19:00 更新
全国で深刻な問題となっているコメの品薄と値段の高騰。
また台風10号の被害を受けたコメ農家は収穫に支障が出ています。
佐藤アナ
「ここですか?わ、何もない」
大分県由布市庄内町で収穫したコメを保管するJAおおいたの倉庫。
倉庫には2400トンが入りますが、4つのうち3つが空になっていました。
JA全農おおいた米麦課 衛藤孝史さん
「例年だとこの半分くらい。全部埋まっているような状態だと思います。インバウンドとか観光客が増えたという要素もあると思います。そういった関係で在庫が少なくなっていると思います」
残り1つの倉庫にも在庫は40トンしかありません。
2023年と比べると2割にも満たないといいます。
JA全農おおいた米麦課 衛藤孝史さん
「(最近は)なかなかない光景だと思います。それくらい需要が旺盛だったという形です」
米農家 清末隆文さん
「水路が決壊して水が寸断されている状態。

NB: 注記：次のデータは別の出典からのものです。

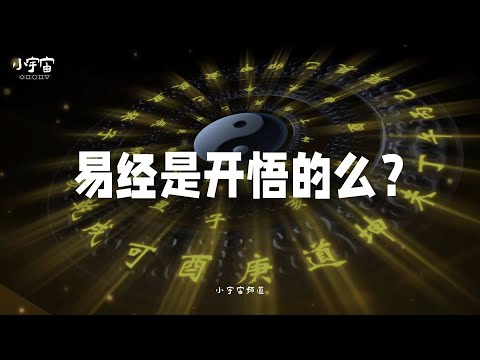 易经的来历 易经是神族送给人类的礼物？ 关于易经你不可不知可怕的真相 小宇宙儿的修行频道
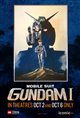 AXCN Gundam Fest: Mobile Suit Gundam I Movie Poster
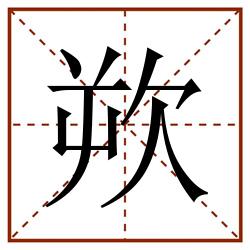 欮田字格_欮田字格书写_欮田字格笔顺_欮田字格字帖_欮田字格模板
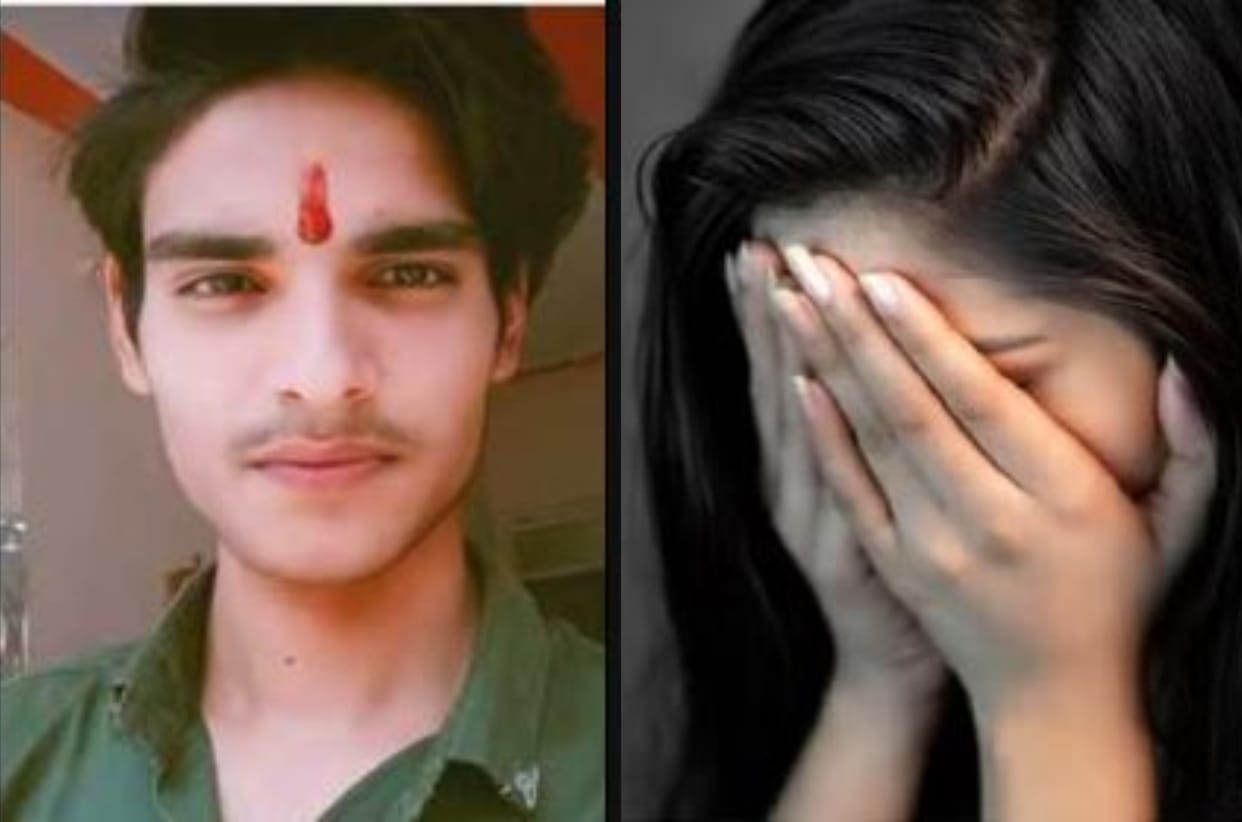 youth left girl student bleeding when protested against molestation
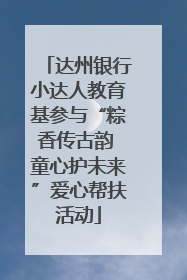 达州银行小达人教育基参与“粽香传古韵 童心护未来”爱心帮扶活动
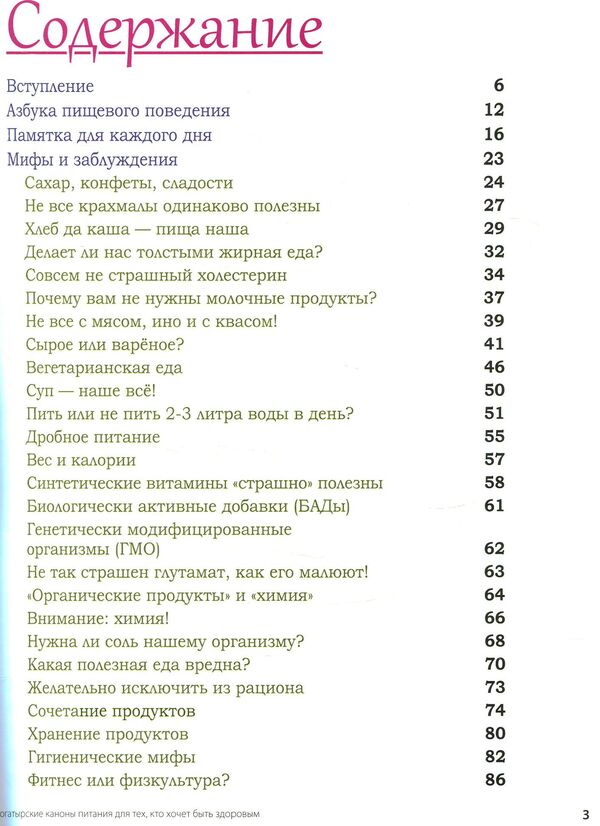 What? When? For what? Do not eat! / Что? Когда? Зачем? НЕ есть! В. Богатырь 978-966-498-617-2-3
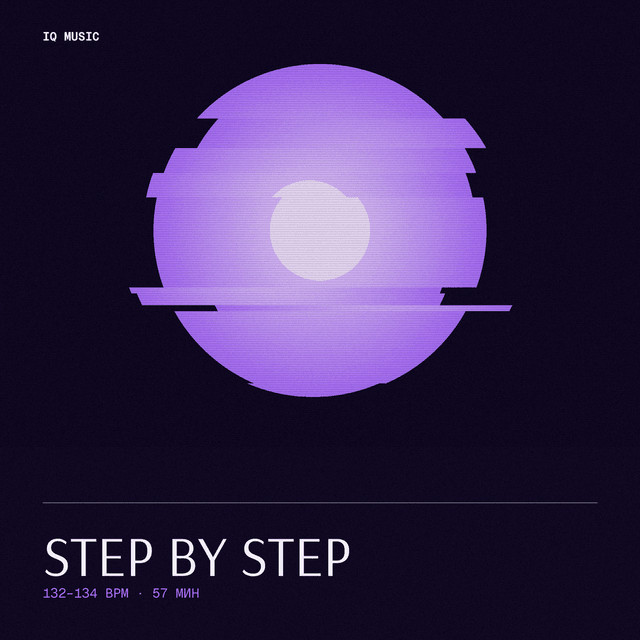 STEP BY STEP - ШТОРМ 2023 (132-134 bpm 57 min)
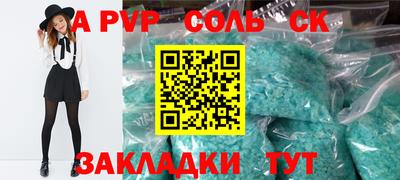 каннабис Гусев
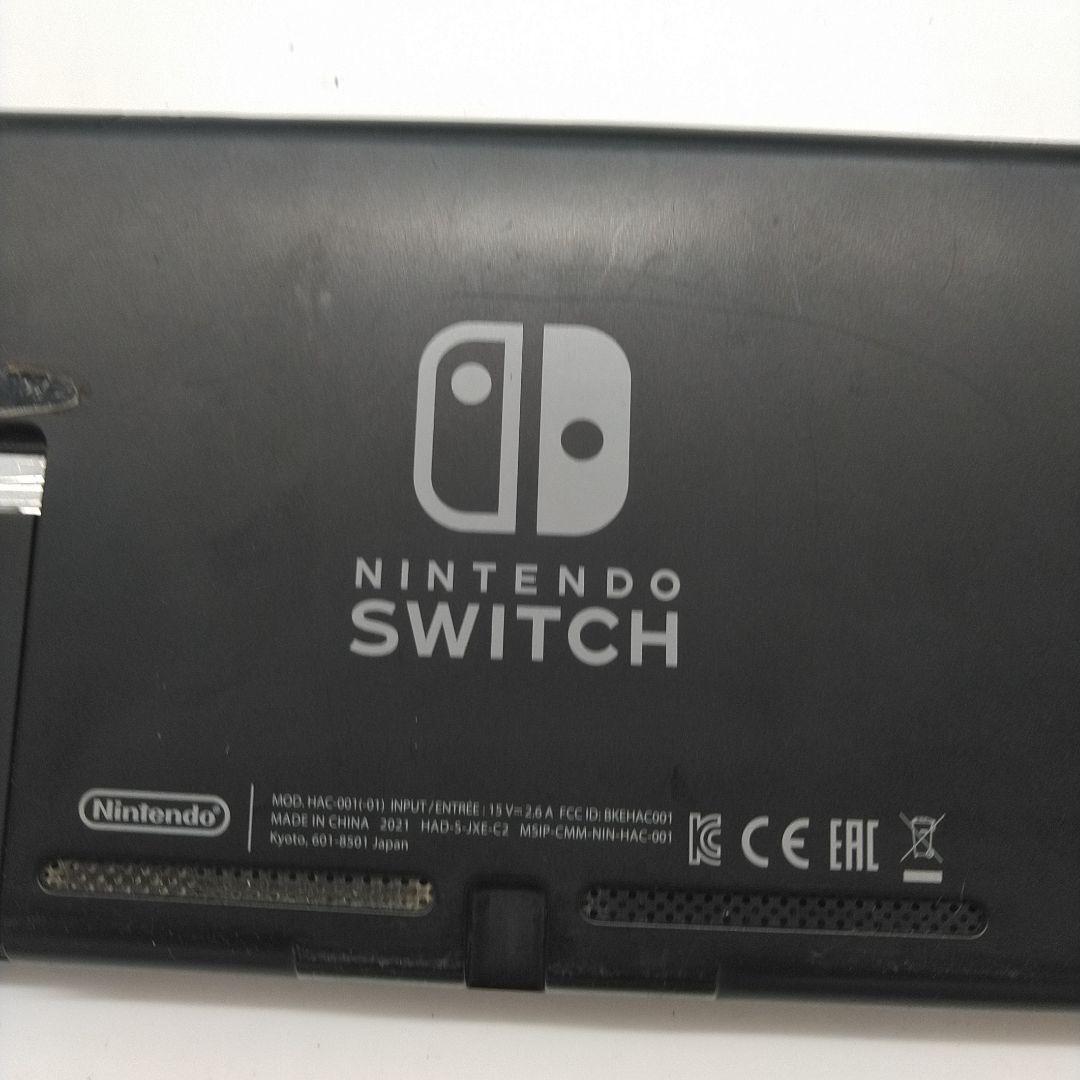 お*ぎ様 ジャンク　Nintendo　Switch　本体　任天堂　部品取り　修理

第一に水川からポンプで上げるなり水をあててやらないと枯れたり収量が落ちたりする」
国東市安岐町で12年コメ農家をしている清末隆文さん。
収穫を目前に控えた先週、台風10号が襲いました。
水路がほとんど流され稲に水をあげられない状態に。
また、田んぼに続く橋も流されてしまいました。
米農家 清末隆文さん
「橋がないから行けないでももう刈り取りしないといけない」
橋や農道が被害を受け収穫に必要な機械を田んぼに入れられません。
米農家 清末隆文さん
「刈り取りが迫っている分はなんとかして刈りたいので仮でも通れるようにして何とか収穫しようと」
清末さんは、田んぼを削って道を広げるなどの対応をして1カ月ほどかけて収穫をする予定ですが今後、大雨などでさらに被害が大きくならないか頭を抱えています。
米の価格高騰や品薄はいつまで続くんでしょうか。
大分でも深刻な問題となっています。
まずは価格を見ていきます。
さかのぼってみると実は変動を繰り返しているんです。
このグラフはお米の販売基準となる全国の「取引価格」の推移です。
玄米60キログラムあたり1万円台を上がったり下がったりし続けています。
需要が下がったコロナ禍の2021年には1万2804円まで下がりましたが、そこから上がり続け、2023年は1万5307円でした。
では2024年はどのくらいあがるのでしょうか。
こちらです。
1万9000円代か、それ以上に上がる可能性もあるということです。
高騰のワケは猛暑による不作やインバウンド増加による需要のアップなどが挙げられます。
では2024年の「販売」価格はどうなんでしょうか。
大分県内で8月に収穫された早期米県産のコシヒカリ、2024年の新米の価格です。
大分県内のスーパーなどに出回る販売価格は2023年は5キロで1780円でした。
これに対して2024年はなんと2680円、900円も上がっているんです。
これから収穫される新米に関してもほぼ同じくらいの価格になるんじゃないかとJA全農おおいたは話しています。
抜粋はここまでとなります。